Да и комната, куда мы вошли, была удивительной. Над диваном висел красный, как мухомор, щит и маленькое, но, похоже, очень острое копье. На другой стене скалились еще три маски, вроде тех, что я видел в прихожей.
А за стеклом шкафа вперемешку лежали большие причудливые раковины, деревянные и костяные статуэтки, какие-то шишки, корешки и даже стоял на подставке маленький сушеный крокодильчик.
Я не знал, можно или нельзя все это потрогать, но Сережка равнодушно махнул тонкой желтой рукой:
— Трогай, если хочешь.
— Еще бы не хотеть!
Я заметался от шкафов к стенке и обратно.
— А копье можно подержать? А щит?
Снял красный щит, тяжеленный оказывается, прикрылся, нацелился в Сережку копьем:
— Сдавайся!
Сережка, сгорбившись на диване, словно маленький усталый старичок, смотрел на меня со снисходительной улыбкой. И лицо у него, разглядел я на свету, было тоже желтое-желтое, как лимон, и глаза даже.
— Слушай, а ты… почему такой? — положил я тихонько на диван копье и щит. — Ты… ты… болеешь? — И мне вдруг стало искренне жалко этого почти незнакомого грустного мальчишку.
— Я отца здорово подвел, — ответил он очень серьезно. — Понимаешь, подцепил тропическую малярию.
Я встречал в какой-то книжке это название — «тропическая малярия». Но, честно говоря, не обращал особого внимания. Что значит скучная малярия, когда отважных смельчаков то и дело подстерегают в Африке встречи со львами, удавами и прочими питонами.
Но мой новый знакомый говорил о своей болезни с таким огорчением, да и вид у него был, прямо скажем, неважный.
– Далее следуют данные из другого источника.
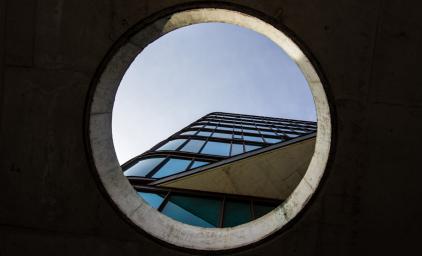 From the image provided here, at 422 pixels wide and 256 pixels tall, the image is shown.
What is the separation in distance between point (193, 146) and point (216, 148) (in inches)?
54.4

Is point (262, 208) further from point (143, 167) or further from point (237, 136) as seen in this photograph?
point (237, 136)

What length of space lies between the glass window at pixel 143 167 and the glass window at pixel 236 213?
4.02 metres

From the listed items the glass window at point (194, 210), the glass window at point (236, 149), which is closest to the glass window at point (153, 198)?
the glass window at point (194, 210)

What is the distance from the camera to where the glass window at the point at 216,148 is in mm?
13909

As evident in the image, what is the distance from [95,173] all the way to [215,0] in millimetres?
3307

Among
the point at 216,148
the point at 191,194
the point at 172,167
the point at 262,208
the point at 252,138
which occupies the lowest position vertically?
the point at 262,208

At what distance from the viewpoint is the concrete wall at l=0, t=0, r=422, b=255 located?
391 cm

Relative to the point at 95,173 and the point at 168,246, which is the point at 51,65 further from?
the point at 168,246

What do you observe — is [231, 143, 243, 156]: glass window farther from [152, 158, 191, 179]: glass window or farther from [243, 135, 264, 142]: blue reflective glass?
[152, 158, 191, 179]: glass window

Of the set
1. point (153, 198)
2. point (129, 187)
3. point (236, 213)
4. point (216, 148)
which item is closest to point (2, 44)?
point (129, 187)

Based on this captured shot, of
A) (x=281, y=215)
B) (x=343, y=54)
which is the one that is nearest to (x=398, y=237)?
(x=281, y=215)

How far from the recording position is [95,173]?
4.30 meters

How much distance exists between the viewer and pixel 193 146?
1523 cm

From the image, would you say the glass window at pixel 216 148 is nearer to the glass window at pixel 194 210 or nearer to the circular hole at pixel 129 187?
the glass window at pixel 194 210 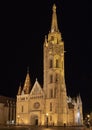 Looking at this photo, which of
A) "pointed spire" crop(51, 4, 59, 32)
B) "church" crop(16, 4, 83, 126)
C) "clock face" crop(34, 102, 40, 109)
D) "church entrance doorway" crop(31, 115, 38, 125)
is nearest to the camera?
"church" crop(16, 4, 83, 126)

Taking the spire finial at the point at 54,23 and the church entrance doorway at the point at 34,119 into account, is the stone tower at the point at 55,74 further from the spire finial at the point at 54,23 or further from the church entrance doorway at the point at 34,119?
the church entrance doorway at the point at 34,119

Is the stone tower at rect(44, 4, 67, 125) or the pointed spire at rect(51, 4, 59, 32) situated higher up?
the pointed spire at rect(51, 4, 59, 32)

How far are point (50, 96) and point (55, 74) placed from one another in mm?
7607

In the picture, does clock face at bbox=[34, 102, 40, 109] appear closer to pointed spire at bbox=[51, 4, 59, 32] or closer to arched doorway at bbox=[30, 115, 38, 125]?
arched doorway at bbox=[30, 115, 38, 125]

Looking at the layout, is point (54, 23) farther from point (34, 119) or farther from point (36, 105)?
point (34, 119)

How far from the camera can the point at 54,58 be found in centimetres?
10362

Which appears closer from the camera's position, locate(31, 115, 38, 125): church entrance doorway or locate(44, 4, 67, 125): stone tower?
locate(44, 4, 67, 125): stone tower

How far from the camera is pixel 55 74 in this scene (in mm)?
101125

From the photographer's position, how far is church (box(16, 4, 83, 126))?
318 ft

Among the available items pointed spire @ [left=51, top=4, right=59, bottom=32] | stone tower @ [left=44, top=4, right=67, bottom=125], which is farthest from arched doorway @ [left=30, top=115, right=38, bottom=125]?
pointed spire @ [left=51, top=4, right=59, bottom=32]

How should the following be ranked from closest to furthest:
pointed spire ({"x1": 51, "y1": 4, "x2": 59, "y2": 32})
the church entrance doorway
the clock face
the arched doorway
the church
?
the church
the clock face
the church entrance doorway
the arched doorway
pointed spire ({"x1": 51, "y1": 4, "x2": 59, "y2": 32})

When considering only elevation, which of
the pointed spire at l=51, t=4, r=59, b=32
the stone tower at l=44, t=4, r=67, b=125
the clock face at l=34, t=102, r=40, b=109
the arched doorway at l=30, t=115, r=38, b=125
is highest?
the pointed spire at l=51, t=4, r=59, b=32

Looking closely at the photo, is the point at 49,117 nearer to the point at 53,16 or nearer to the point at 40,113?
the point at 40,113

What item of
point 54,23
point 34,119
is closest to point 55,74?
point 34,119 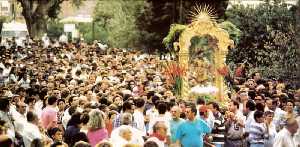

— Понимаешь, отец работает в Абиссинии, — пояснил он. — Они строят в джунглях завод. И вот я его подвел. И их тоже подвел, значит.
— Кого их?
— Ну тех, для кого они строят. Абиссинцев. Отца из-за меня хотели тоже отозвать из командировки. И, наверное, отзовут, если не поправлюсь. — Сережка вздохнул.
— А ты — никак? — что-то начал я соображать.
— Никак, — покачал Сережка головой. — Мне, знаешь, почему-то ничего не хочется. Ни есть, ни шевелиться, и вообще ничего. Я раньше в футбол играть любил. А сейчас погляжу на вас в окошко и отойду. Не хочется. А врачи говорят, надо, чтобы хотелось, лекарства одного мало.
Он придвинул мне вазу с виноградом и яблоками.
— Ешь хоть ты, тетя Лариса придет, опять расстраиваться будет, что все цело.
Вот так-так! Мне стала понятна Сережкина беда — поехать в Африку и из-за какой-то глупой малярии подвести отца! А на них небось надеются. Кто посылал, надеется. Наша страна надеется.